Effective security over movable assets may be created by:
(i) handing the movable asset over to the creditor (transfer of possession) by way of possessory pledge: upon execution of a pledge agreement, the pledgor must hand over the pledged assets to the pledgee (transfer of possession) and the pledge will not be valid without delivery of the assets (where not feasible, a symbolic transfer is possible provided the pledgee is granted control over the pledged asset(s)), or
(ii) if delivery of the secured asset is not possible, registering a notarial bond over the secured movable asset: a creditor may register either (i) a general notarial bond over all of the movable assets of the debtor, or (ii) a specific notarial bond over an identified asset of the debtor. A notarial bond is prepared by a notary public and must be executed at the Deeds Registry by the debtor (or duly authorized attorney) and attested by the Registrar of Deeds.

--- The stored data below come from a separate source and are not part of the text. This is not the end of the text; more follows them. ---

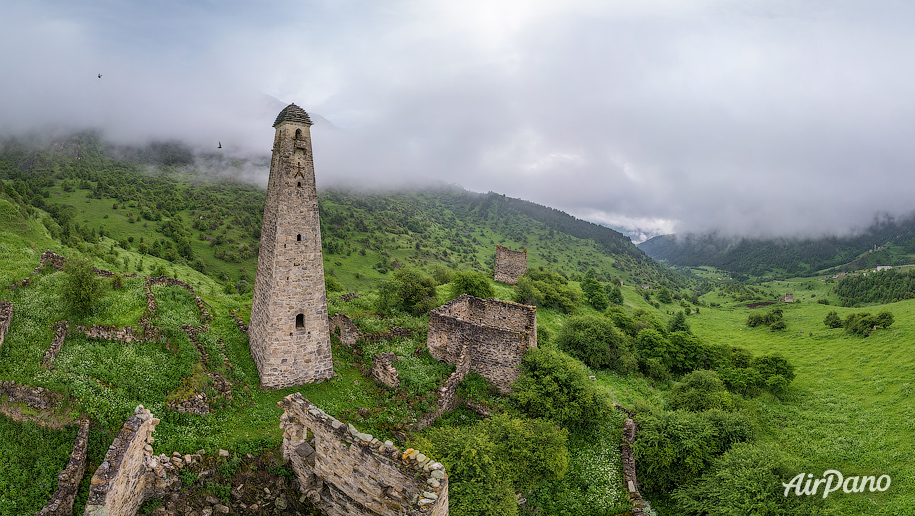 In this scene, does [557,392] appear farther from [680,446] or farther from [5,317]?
[5,317]

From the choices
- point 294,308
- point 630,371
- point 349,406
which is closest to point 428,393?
point 349,406

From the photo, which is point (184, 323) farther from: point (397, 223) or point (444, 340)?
point (397, 223)

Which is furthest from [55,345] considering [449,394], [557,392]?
[557,392]

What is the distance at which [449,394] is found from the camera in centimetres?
1752

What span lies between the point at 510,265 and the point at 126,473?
4830 cm

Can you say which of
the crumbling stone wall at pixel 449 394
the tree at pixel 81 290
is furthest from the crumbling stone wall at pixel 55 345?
the crumbling stone wall at pixel 449 394

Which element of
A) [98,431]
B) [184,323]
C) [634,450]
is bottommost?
[634,450]

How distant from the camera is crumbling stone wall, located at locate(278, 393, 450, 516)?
839 centimetres

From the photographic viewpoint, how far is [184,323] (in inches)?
651

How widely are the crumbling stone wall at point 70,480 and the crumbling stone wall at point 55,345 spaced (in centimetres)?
353

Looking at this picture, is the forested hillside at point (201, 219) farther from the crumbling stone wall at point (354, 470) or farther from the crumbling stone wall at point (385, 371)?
the crumbling stone wall at point (354, 470)

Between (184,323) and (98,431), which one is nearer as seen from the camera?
(98,431)

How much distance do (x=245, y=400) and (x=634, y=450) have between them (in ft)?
54.9

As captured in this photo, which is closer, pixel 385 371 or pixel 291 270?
pixel 291 270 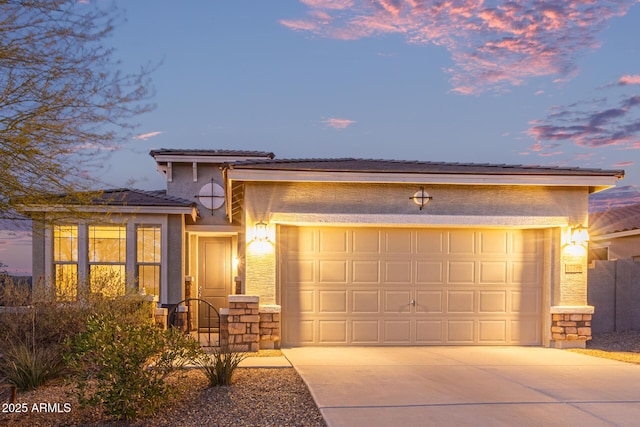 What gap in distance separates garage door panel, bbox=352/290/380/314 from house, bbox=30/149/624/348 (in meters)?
0.02

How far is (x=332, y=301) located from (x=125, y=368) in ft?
16.8

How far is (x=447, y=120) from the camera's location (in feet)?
58.8

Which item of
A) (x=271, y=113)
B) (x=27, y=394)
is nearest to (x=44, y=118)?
(x=27, y=394)

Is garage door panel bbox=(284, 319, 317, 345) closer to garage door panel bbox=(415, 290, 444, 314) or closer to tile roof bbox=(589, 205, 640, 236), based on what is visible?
garage door panel bbox=(415, 290, 444, 314)

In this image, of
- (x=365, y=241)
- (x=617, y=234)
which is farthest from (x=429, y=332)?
(x=617, y=234)

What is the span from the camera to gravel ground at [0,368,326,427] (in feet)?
19.0

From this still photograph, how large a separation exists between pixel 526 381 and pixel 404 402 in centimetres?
219

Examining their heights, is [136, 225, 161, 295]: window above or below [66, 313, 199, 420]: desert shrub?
above

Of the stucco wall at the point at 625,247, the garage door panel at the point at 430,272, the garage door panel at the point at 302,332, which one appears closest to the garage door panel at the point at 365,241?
the garage door panel at the point at 430,272

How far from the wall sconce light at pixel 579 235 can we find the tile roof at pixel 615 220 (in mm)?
7407

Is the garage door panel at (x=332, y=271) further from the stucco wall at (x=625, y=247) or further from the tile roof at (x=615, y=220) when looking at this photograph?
the stucco wall at (x=625, y=247)

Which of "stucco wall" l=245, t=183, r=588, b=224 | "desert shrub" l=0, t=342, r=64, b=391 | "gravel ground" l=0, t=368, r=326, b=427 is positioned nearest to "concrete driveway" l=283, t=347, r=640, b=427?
"gravel ground" l=0, t=368, r=326, b=427

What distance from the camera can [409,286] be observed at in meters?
10.6

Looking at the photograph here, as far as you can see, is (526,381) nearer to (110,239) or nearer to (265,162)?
(265,162) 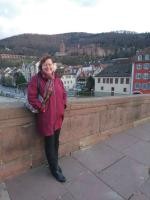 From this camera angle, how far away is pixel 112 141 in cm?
450

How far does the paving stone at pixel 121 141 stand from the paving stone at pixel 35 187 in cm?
163

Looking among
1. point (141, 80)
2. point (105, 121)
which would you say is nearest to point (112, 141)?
point (105, 121)

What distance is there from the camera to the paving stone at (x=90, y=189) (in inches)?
104

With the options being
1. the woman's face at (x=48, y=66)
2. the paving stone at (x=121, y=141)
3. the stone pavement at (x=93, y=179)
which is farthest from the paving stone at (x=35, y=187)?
the paving stone at (x=121, y=141)

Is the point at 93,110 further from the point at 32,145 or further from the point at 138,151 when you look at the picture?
the point at 32,145

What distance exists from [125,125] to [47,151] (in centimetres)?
280

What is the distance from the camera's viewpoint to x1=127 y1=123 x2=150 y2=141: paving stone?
16.3 ft

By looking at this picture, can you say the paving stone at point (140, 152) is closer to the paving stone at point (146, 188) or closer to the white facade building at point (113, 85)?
the paving stone at point (146, 188)

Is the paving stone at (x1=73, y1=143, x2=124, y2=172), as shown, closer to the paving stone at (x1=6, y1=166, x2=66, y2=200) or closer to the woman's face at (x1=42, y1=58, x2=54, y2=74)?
the paving stone at (x1=6, y1=166, x2=66, y2=200)

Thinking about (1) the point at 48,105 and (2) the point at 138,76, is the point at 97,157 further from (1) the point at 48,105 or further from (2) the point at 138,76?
(2) the point at 138,76

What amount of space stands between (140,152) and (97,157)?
854mm

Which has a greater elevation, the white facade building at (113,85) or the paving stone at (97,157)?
the paving stone at (97,157)

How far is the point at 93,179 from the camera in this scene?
301 centimetres

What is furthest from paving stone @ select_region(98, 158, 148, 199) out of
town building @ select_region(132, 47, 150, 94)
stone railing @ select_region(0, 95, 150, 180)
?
town building @ select_region(132, 47, 150, 94)
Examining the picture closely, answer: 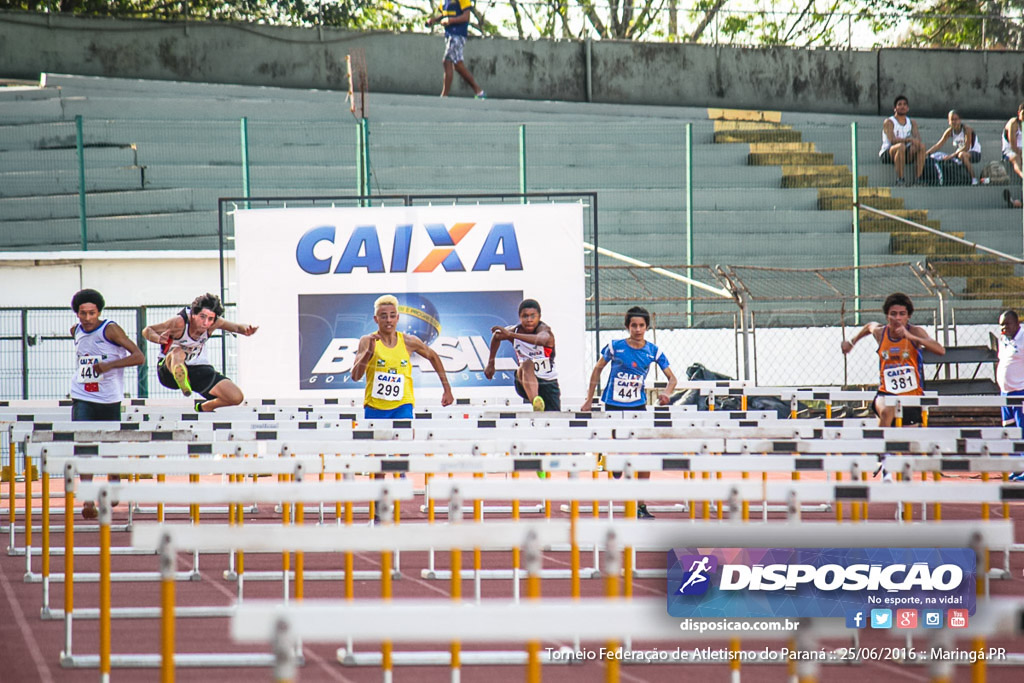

Security over immovable property is taken by registering a mortgage bond over such property. In accordance with the legal principle of superficies solo cedit, everything that is permanently attached to the property forms part of the property and will also be covered by the mortgage bond. A mortgage bond must be executed in the presence of the Registrar of Deeds either by the owner of the property, or by a duly appointed attorney. The Registrar will attest the bond in the presence of the owner (or attorney). One mortgage bond can only secure receivables arising from the same obligation and can cover future debt (covering bond).
- Foreign court judgments are enforceable in Namibia by the institution of a new action in a Namibian court.
- According to the Enforcement of Foreign Civil Judgements Act 218 of 1994, foreign court judgements of designated countries are recognised in Namibia (South Africa is currently the only designated country for this purpose).
- Signatory to the Multilateral Investment Guarantee Agency (MIGA).
- Signatory to the International Centre for the Settlement of Investment Disputes (ICSI D) since 1998, however deposit of its ratification is still pending.